EXCERPTED DATA section start

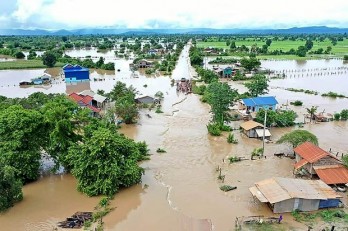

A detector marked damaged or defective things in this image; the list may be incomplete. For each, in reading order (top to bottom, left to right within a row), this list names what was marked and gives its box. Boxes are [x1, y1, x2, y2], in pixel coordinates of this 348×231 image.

rusty roof [294, 142, 328, 163]
rusty roof [316, 165, 348, 185]
rusty roof [250, 177, 340, 204]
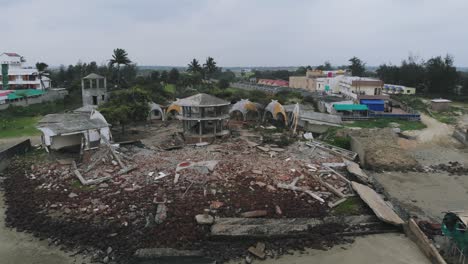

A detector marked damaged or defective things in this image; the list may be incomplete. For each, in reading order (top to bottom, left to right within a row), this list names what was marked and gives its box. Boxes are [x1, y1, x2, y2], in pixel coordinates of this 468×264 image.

EXCERPTED DATA section end

▸ **WORK TO BE COMPLETED**
The entries above need to be output again in full, exactly, and without pictures.

▸ **OUTPUT FOR THIS EXERCISE**
A detector marked damaged or defective things in this image; the list may be incomplete. For each, in reading order (top to bottom, left to right within a row), this list names what was marked and gives its box. Boxes are [x1, y1, x2, y2], in pixel coordinates of this 348×231 image.

rusty roof [294, 142, 328, 163]
rusty roof [316, 165, 348, 185]
rusty roof [250, 177, 340, 204]

A detector marked damaged or defective things in this image; the list may be incomplete. For each, in reading order (top to bottom, left to right within a row), this list names what was marked and gives its box. Boxes are [x1, y1, x2, y2], in pixel coordinates of this 468×264 image.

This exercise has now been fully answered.